This repeated cross-sectional study uses a timely and robust pharmacy sales data source of outpatient prescription medications filled in the United States to describe BP-lowering medication fill counts and spending in 2009 compared with 2014. Moreover, we describe how evidence-based prescription- and payment-related factors that promote adherence to these medications are represented across age groups, payment sources, and medication classes during this period. This information is expected to help inform the decisions of clinicians, health system administrators, payers, and policy makers related to these factors, potentially leading to population-level improvements in medication adherence and, in turn, improvements in BP control and cardiovascular disease outcomes, and lower health care costs.
Materials and Methods
This study was determined by the Centers for Disease Control and Prevention Human Subjects Review Board to be for public health practice (surveillance) and exempt from IRB review. We obtained national annual outpatient prescription fill data from the IMS Health National Prescription Audit (NPA) for 2009 and 2014. The NPA contains information regarding outpatient prescription medication fills from retail and mail order pharmacies, and includes prescription information from ~87% of the retail universe and ~70% of the mail order universe in the United States . IMS Health applies a patented projection methodology to the collected data to create the national level estimates within the NPA; these estimates do not include a sampling error. IMS Health data have previously been used to describe BP-lowering medication fills in other countries [31–33] and fills for other types of prescription medications in the United States [34–36].
The data consist of counts of total prescription fills, the number of days covered by the fills, the average quantity of pills dispensed per fill, and the average dollars spent per fill at the medication class level, with breakouts by distribution channel (retail and mail order), medication brand and generic status, patient age and sex, patient copay range, and prescription medication payment source, including commercial insurance plans (private insurance), one of the two main government-sponsored insurance plans, Medicaid or Medicare Part D, or out of pocket by the patient. We identified BP-lowering medication fills using IMS Health’s Uniform System of Classification schema and considered fills only among adults aged ≥18 years. We grouped the fills into the following medication class categories: angiotensin converting enzyme inhibitors (ACEIs); angiotensin II receptor blockers (ARBs); beta blockers (BBs); calcium channel blockers (CCBs); diuretics; and other BP-lowering medication. We allocated fills that contained more than one BP-lowering medication per pill (i.e., fixed-dosed combinations) into each appropriate medication class category.

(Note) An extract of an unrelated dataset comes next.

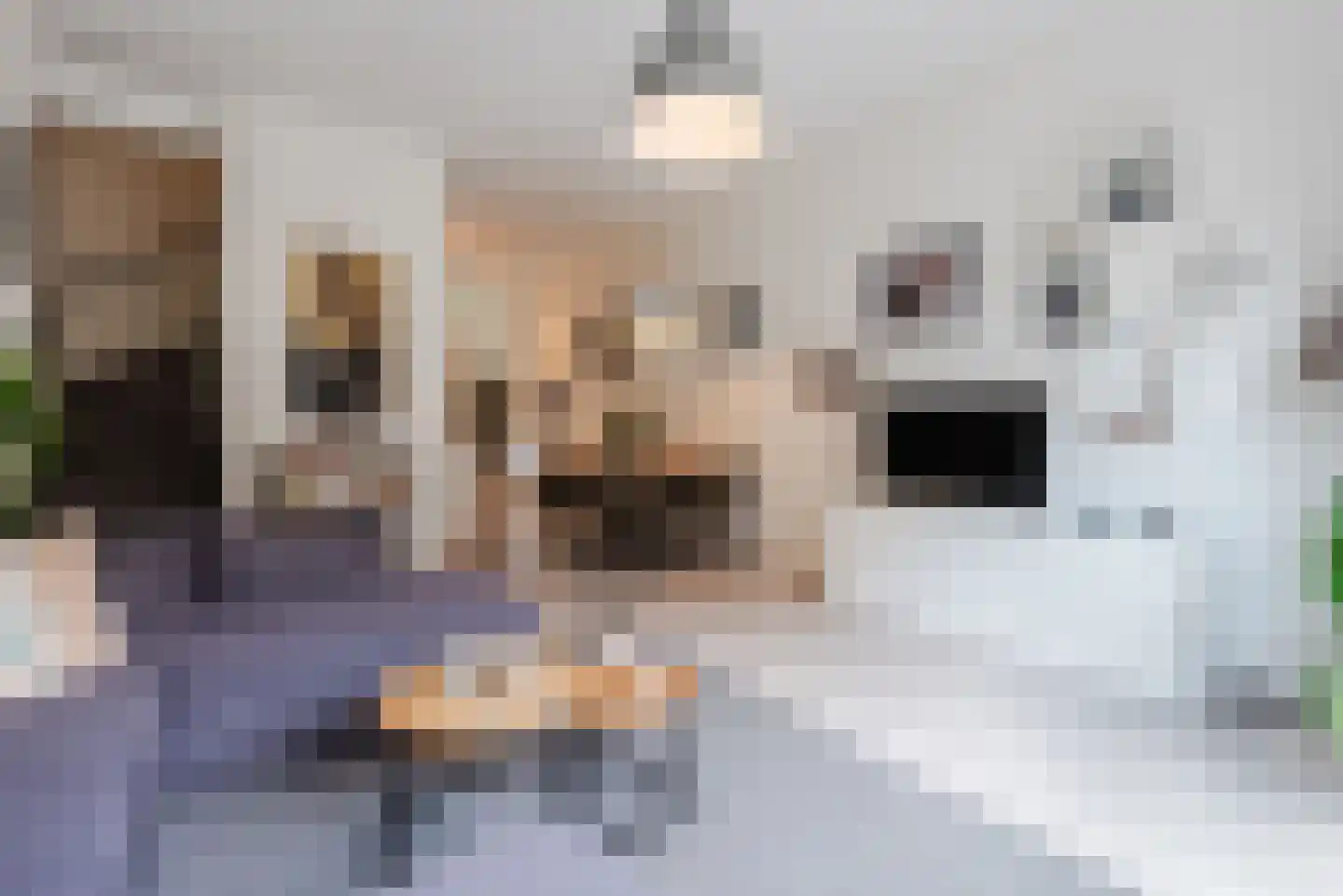 Engelandstraat 31 Almere thumbnail 10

We examined patterns and changes from 2009 to 2014 in several prescription-related factors that potentially promote adherence to BP-lowering medication by age group, payment source, and/or medication class. We calculated the average days’ supply per fill, which represents the average length of time before a prescription would need to be refilled, by dividing the total number of days of therapy covered by the fills by the total number of fills. To derive the average number of pills taken per day of therapy, i.e., the number of pills a person would need to take each day to get the prescribed daily dose of a specific medication, we divided the average number of pills per fill by the average days’ supply per fill for that specific medication. And lastly, we present the percentage of fills that were obtained via the mail order distribution channel, generic, paid for completely out of pocket, and fixed-dose combinations; and the percentage of fills with low or no patient copays, defined as $5.00 or less.

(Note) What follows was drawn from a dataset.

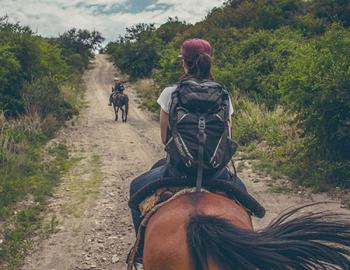 Group horseback riding on a trail.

We also examined several payment-related factors that potentially promote adherence to BP-lowering medication. Total patient payment represents the spending patients incurred paying for fills completely out of pocket added to the estimated amount patients spent on copays. We estimated patient copay amounts to be the midpoint of each IMS Health copay category. For example, for the $.01 to $5.00 copay category, all copays were set equal to $2.50. Fill claims with unknown copay amounts (9.2% of fills in 2009, 2.7% of fills in 2014) were redistributed in proportion to fills among each payment source with known copay amounts. Average spending per years’ supply represents the average amount spent by the health care system and by patients for a year’s worth of BP-lowering medication. Finally, we calculated the average price per generic and brand fill. These calculations did not take into account differences in the average days’ supply per fill that may exist between generic and brand fills.

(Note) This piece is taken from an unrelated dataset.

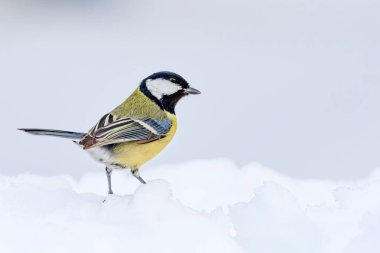 Kış ve şirin litte kuş. Beyaz kar arka planı. Kuş: büyük baştankara. Parus Major.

From 2009 to 2014, BP-lowering medication prescription fill counts increased from 613.7 million to 653.0 million (Table 1). Total system spending on fills increased from $27.72B, in 2009, to $28.81B being spent in 2014. Of the 653.0 million fills in 2014, the most fills occurred among those aged 45–64 years (284.0 million) (Table 1). The percentage of fills that was for fixed-dose combinations decreased from 17.1% in 2009 to 14.2% in 2014. In 2014, the percentage of fills for fixed-dosed combinations was highest among those aged 45–64 years (16.9%) (Table 1), patients who paid for the fill completely out of pocket (16.6%) (Table 2), or where the fill contained a diuretic (44.1%) (Fig 1). The average number of pills taken per day of therapy remained relatively consistent over time and across age groups (Table 1). In 2014, among adults aged ≥18 years, an average of 1.11 pills per day was needed to achieve a daily therapeutic dose.
ACEI indicates angiotensin converting enzyme inhibitor; BB, beta blocker; BP, blood pressure; CCB, calcium channel blocker; and, ARB, angiotensin II receptor blocker. a Fixed-dose combinations contain more than one active BP-lowering medication ingredient per pill. Source: IMS Health National Prescription Audit, 2009–2014.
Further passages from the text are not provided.